D-L Nelson, Mystery Writer

Reviews & Readings

 
MURDER IN ELY - Kirkus Review

"Nelson combines another fine modern-day mystery with historical information ..."

A writer’s visit to Britain lands her in multiple difficulties.

Though she’s American by birth, Annie Young-Perret has spent most of her life in Europe. Her language expertise makes her a nice living as a translator, but history is her passion. She and her bridegroom, French police detective Roger Perret, are visiting England for a book signing for Annie’s newly published historical biography and staying with Janet and Rod MacKenzie, their friends in Ely. When Roger suddenly has a heart attack and needs bypass surgery, Annie is happy to have the MacKenzies’ support—until Rod’s partner in their computer business, Simon Bartlett, is found murdered on his boat and Rod is a suspect. To add to her workload, Annie’s publisher has talked her into doing another history novel on St. Etheldreda, and she agrees despite the tight deadline. She loves the research but doesn’t warm to her subject and despairs of finishing. When Rod takes off, the police are sure he killed Simon. So Annie and Janet look for ways to prove his innocence. The Ely murder is bumped from the news by a massive hacking attack that takes down the world banking system. Although Annie and Janet don’t connect Rod and Simon to that incident, a soldier of fortune does and is determined to track down Rod. Annie struggles to get Roger used to the prospect of retirement, support Janet in her attempt to run Rod’s business and finish the book on time—all while dealing with the aftermath of Simon’s murder.


MURDER ON INSEL POEL - Publishers Weekly

"
Nelson has produced a must-read for fans of historical mysteries ..."

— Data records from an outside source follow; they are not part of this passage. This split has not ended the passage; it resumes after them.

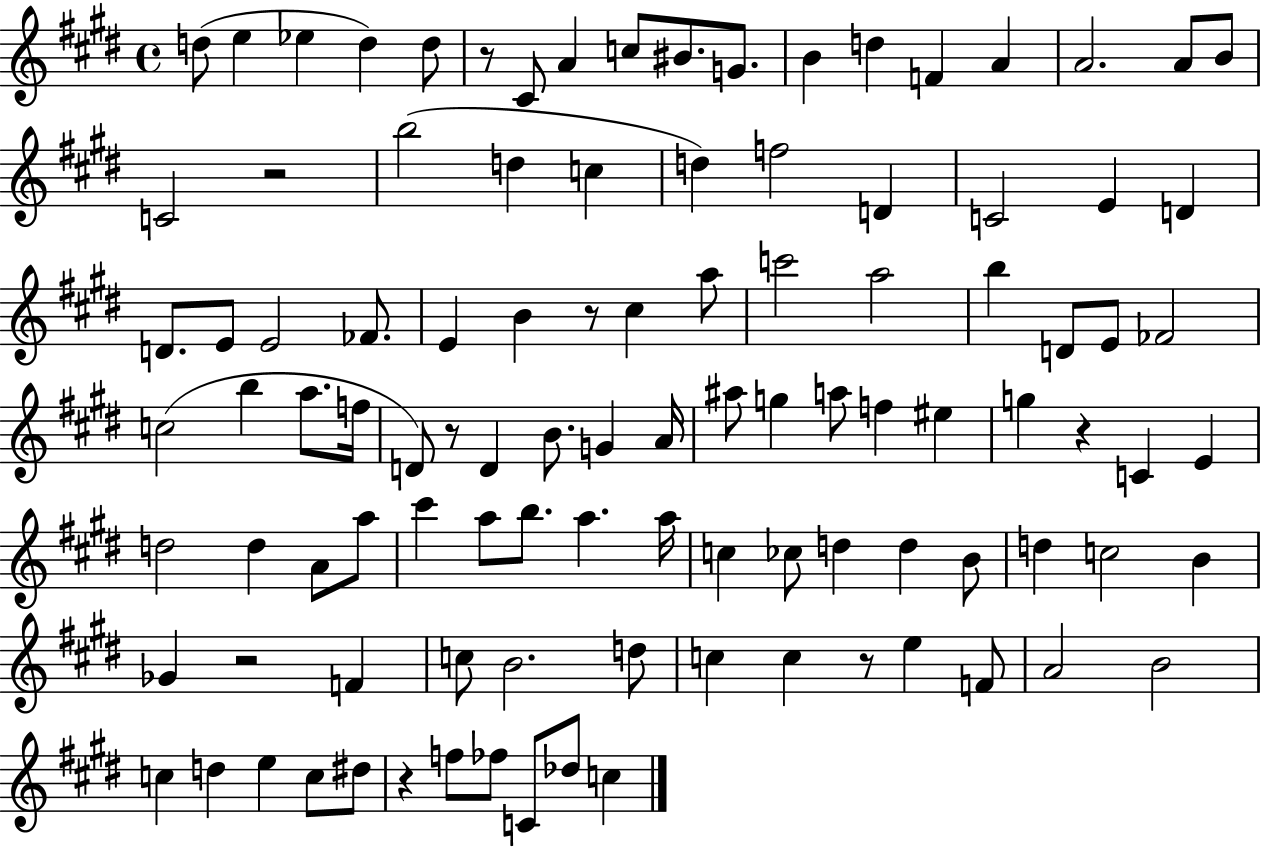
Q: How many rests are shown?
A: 8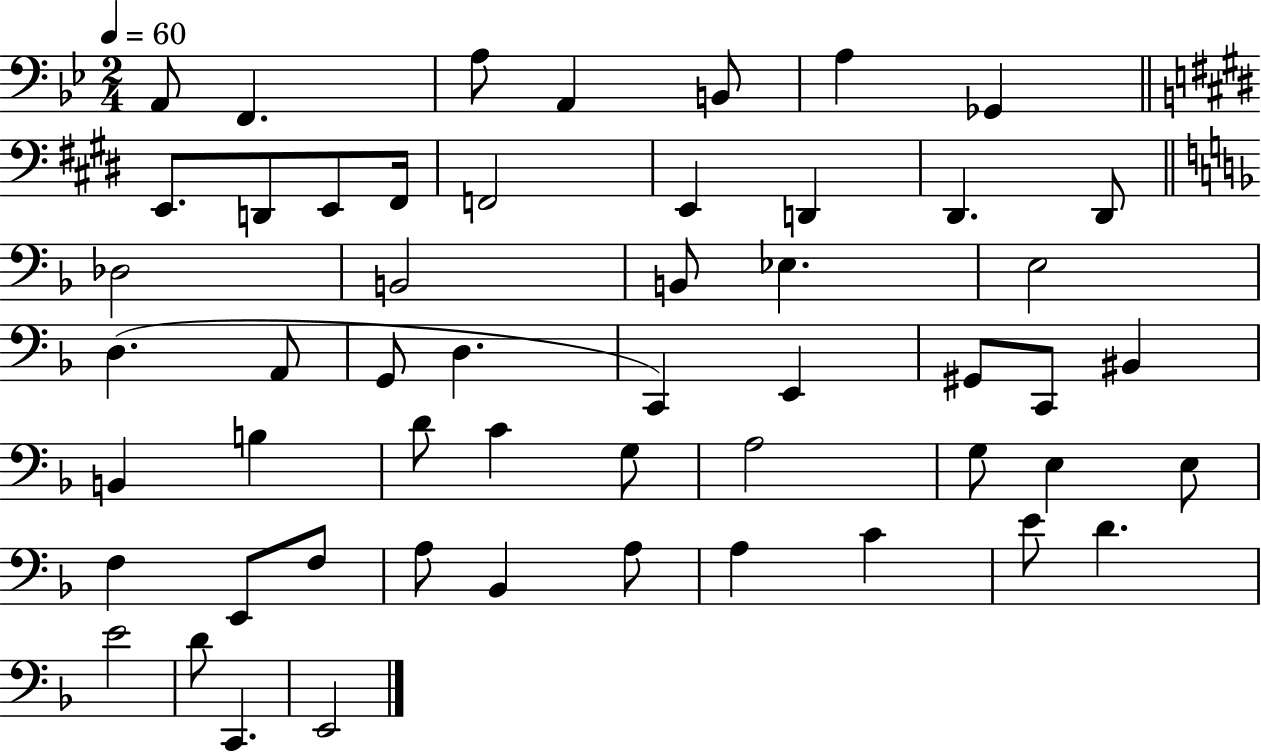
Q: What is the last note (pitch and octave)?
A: E2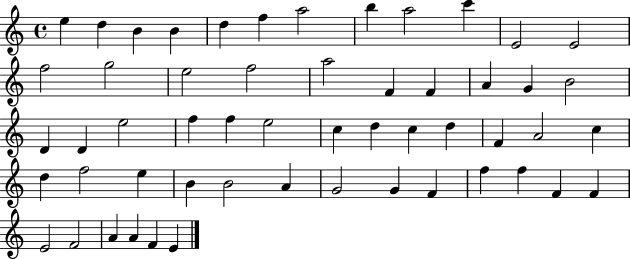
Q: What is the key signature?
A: C major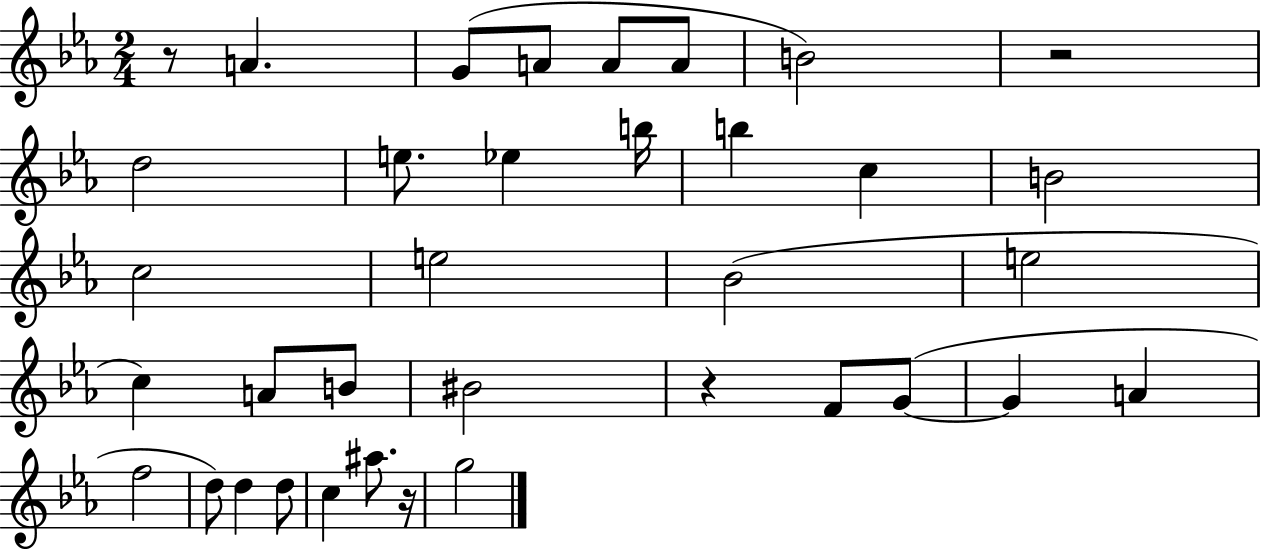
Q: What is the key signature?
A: EES major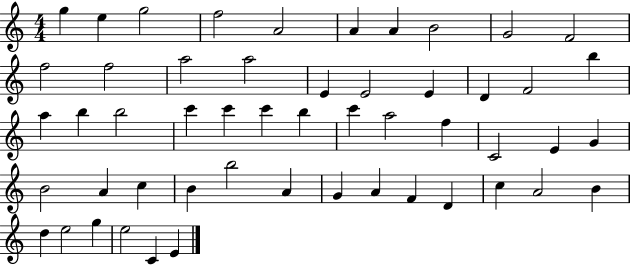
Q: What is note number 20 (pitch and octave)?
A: B5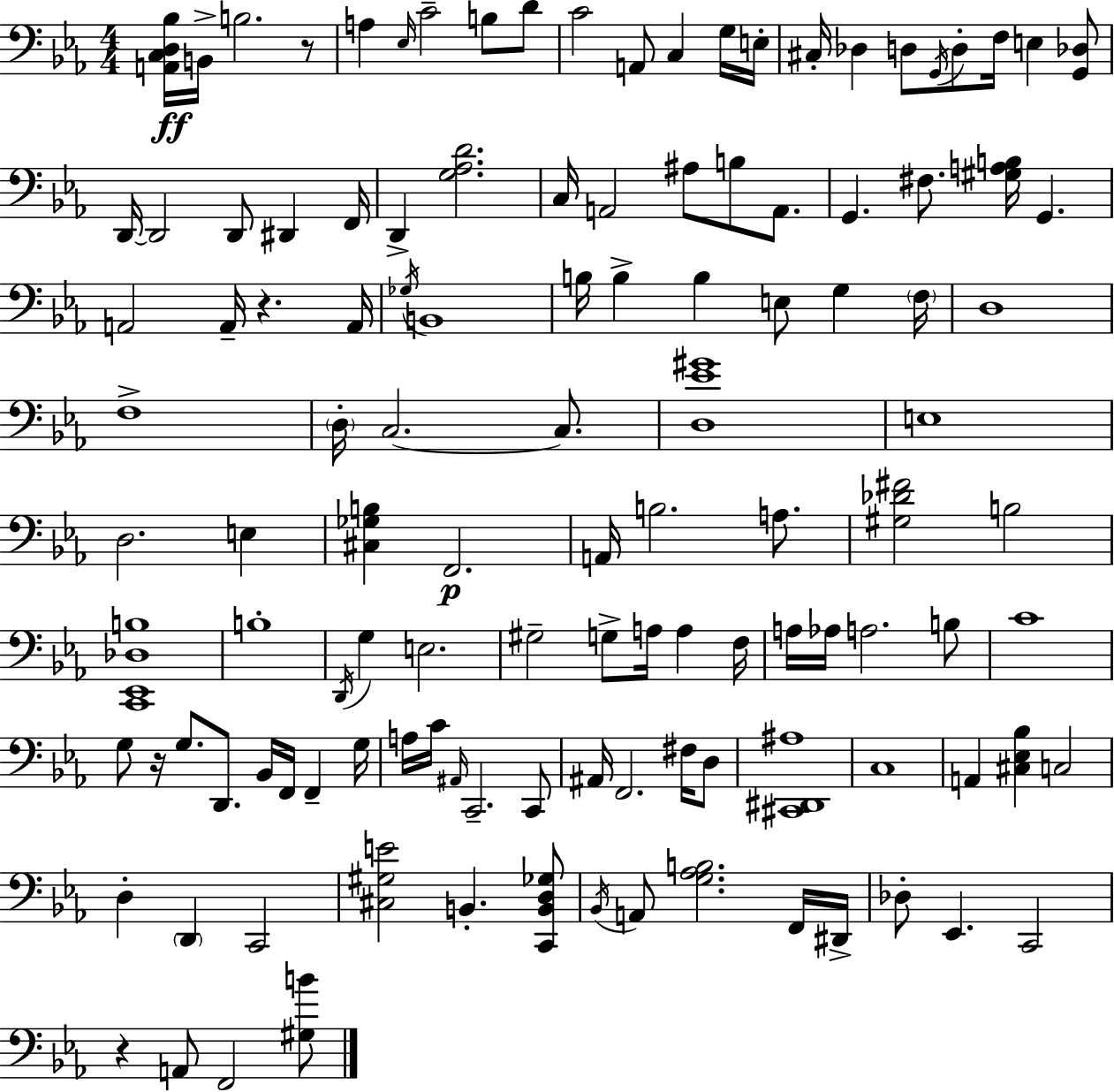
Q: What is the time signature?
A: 4/4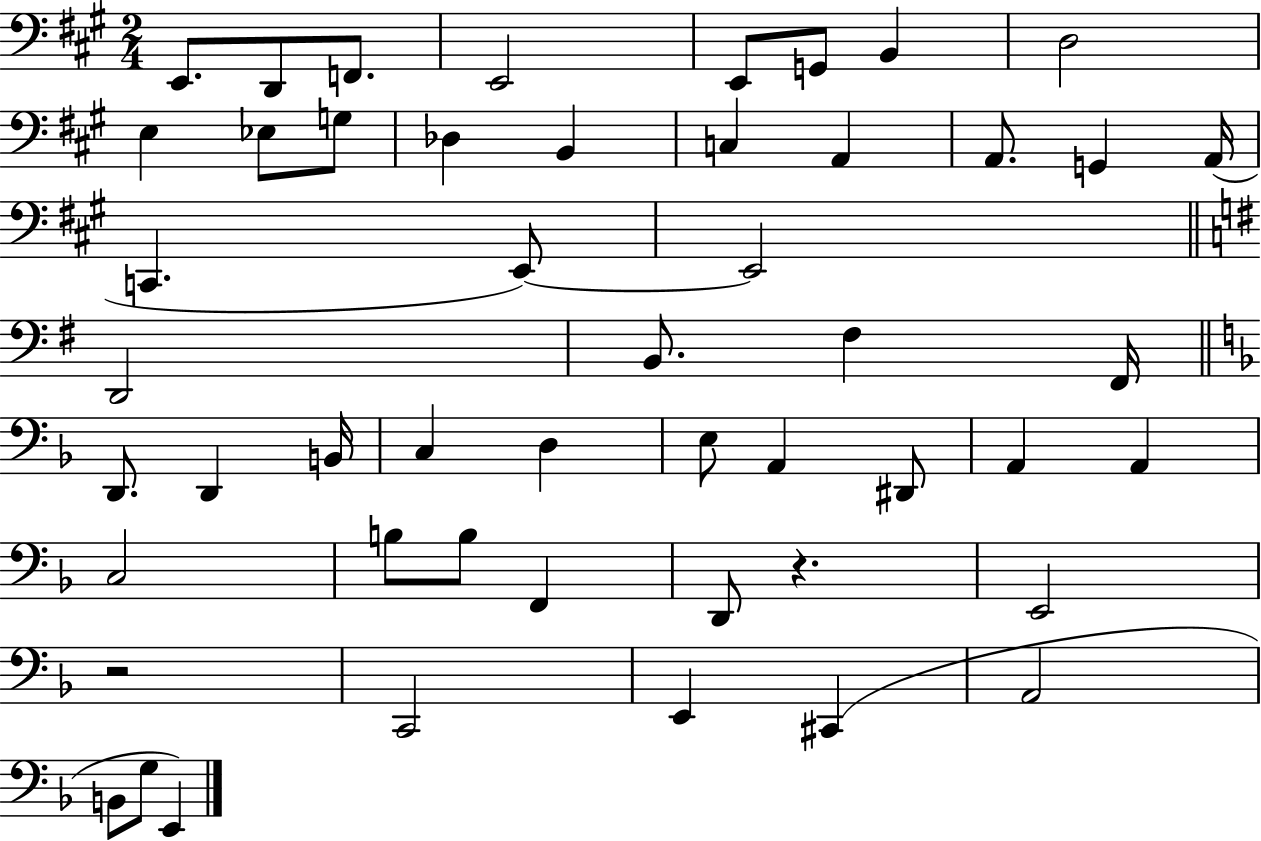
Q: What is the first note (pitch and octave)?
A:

Nelson’s enjoyable fifth Third-Culture Kid mystery (after 2013’s Murder in Paris) finds technical writer Annie Young visiting Insel Poel, a sleepy German island in the Baltic, several weeks before Christmas. A local museum hires Annie, a multilingual “third-culture kid” who was born in America but raised mostly in Europe, to translate a history of the island. While exploring Insel Poel’s wintery beaches, she discovers the bodies of two young Asian women who were murdered. Willful Annie goes against the wishes of her fiancé, Roger Perret, a French police chief, and starts snooping around for clues. Though Annie’s modern-day story is intriguing enough, Nelson intertwines it with two WII-era tales, set in Germany and Britain, respectively. The German segment’s engaging young protagonist, Hilke, deserves her own book. Nelson has produced a must-read for fans of historical mysteries or previous series entries.




Author D-L Nelson reads excerpts from Murder on Insel Poel. Click on the video to view. If video does not play, click here for the YouTube version.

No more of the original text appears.